Built-in probes dial worker_ip:assigned_port from the CLI host (or run ssh probes on the worker). No hook scripts, no batch env vars. Targets active allocations only. Within a batch, every probe runs against every worker in that batch in parallel.

Command scripts

For each non-removed allocation in the current batch, maand:

  1. Stages files under tmp/workers/<ip>/jobs/<job>/ (health-fast: command module, embedded maand.py / maand.ts, certs from KV).
  2. Runs the script on the CLI host with per-allocation env (ALLOCATION_*, JOB, EVENT, COMMAND, versions, …) plus batch env (BATCH_*, DEPLOY_PHASE=health_check, ROLLOUT_ORDER, …).

One failed allocation fails the job. Multiple failed jobs produce a batch error listing each job.


--wait behavior

When --wait is set:

Worker SSH gate (before any job):

Per job (manifest probes, then commands):

Without --wait, worker and job checks run once; failures return immediately.


Relationship to deploy

Context wait verbose
maand health_check User-controlled (--wait) User-controlled (--verbose)
Deploy after restart / job_control true (wait for recovery) true

Production deploy waits for health to pass after rolling updates; ad-hoc CLI checks can be one-shot unless you pass --wait. Use maand deploy --force to redeploy without a workspace change. See deploy.md.
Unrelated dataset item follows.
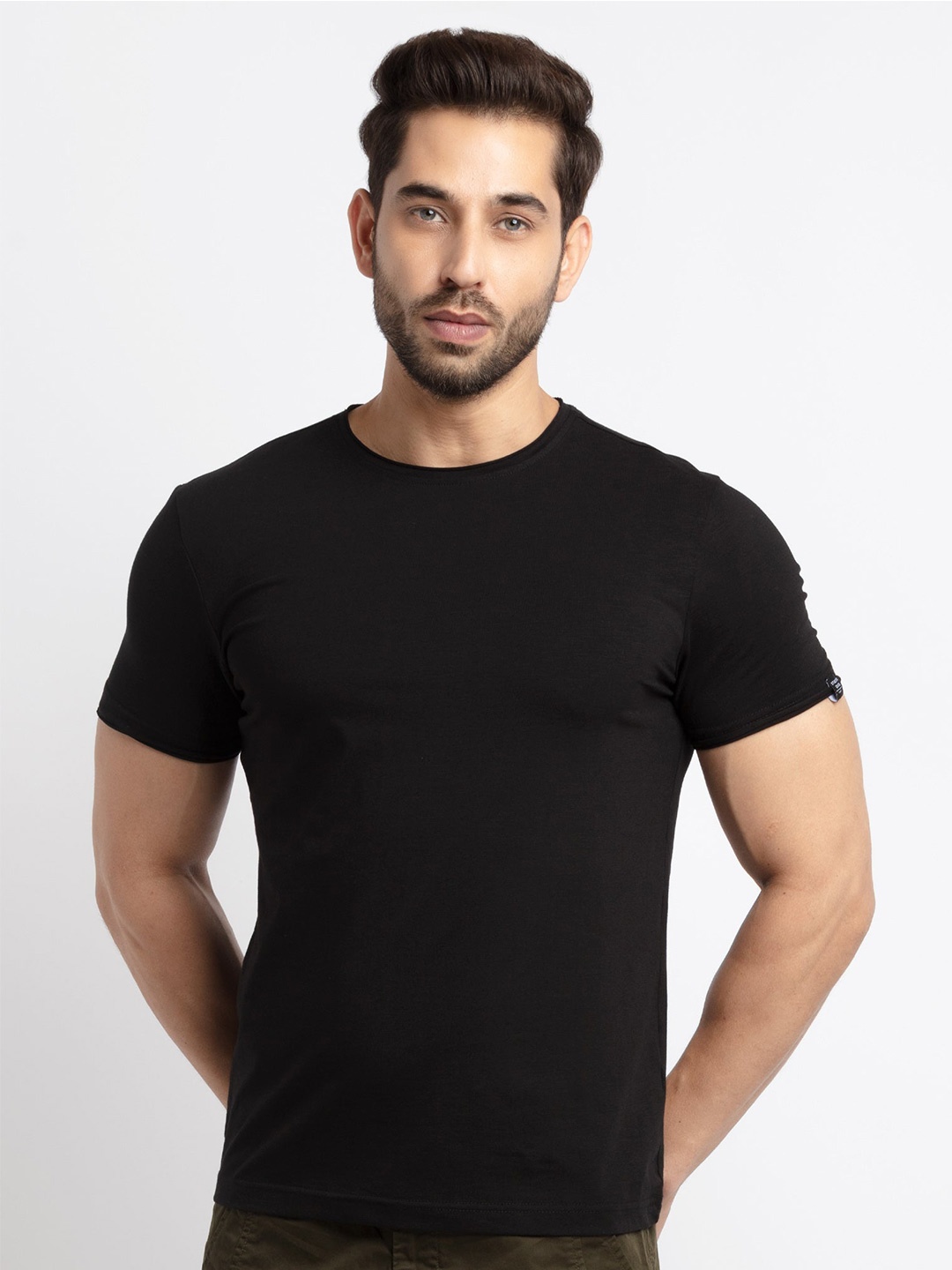 

Status Quo Men Black Solid Taperd Fit Round Neck Cotton T-shirt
Relationship to build / demands


Parallelism

Scope Limit
Jobs in one CLI run Up to 16 jobs at once (goroutines; one DB transaction)
Manifest probes Active allocations only; max_concurrent_upgrades per batch
Command scripts Non-removed allocations (includes disabled); same batch width and rollout order
Within a probe batch All workers × all checks in parallel
Within a command batch All allocations in the batch in parallel

Batches within a job run sequentially. Tune burst size with max_concurrent_upgrades in manifest.json — see manifest.md and rolling-deploy.md.


Errors

Error Meaning
HealthCheckError One job failed (wraps probe, command, SSH, or script error).
WorkerHealthCheckError Worker SSH port unreachable (with --wait, after retries).
Batch error Multiple jobs failed; message lists each job.
Skip (not an error) health check skipped: <job> (no allocations) or (no health_check config or commands)
jobs not in this bucket: [...] Bad --jobs name.
NotFoundError Command not registered for health_check on that job.

Typical usage patterns

After deploy:

maand deploy -b
maand health_check --wait

Single job smoke test:

maand health_check --jobs myservice --verbose

CI gate:

maand health_check --wait && echo OK

Force redeploy without workspace or hash changes:

maand deploy --force --jobs api

Writing health check scripts

Use the same libraries as other events — see hook-api.md:

Scripts should exit 0 when healthy, non-zero when not. Keep checks read-only when possible; mutations go to KV and persist only if you also run deploy or call persist APIs appropriately.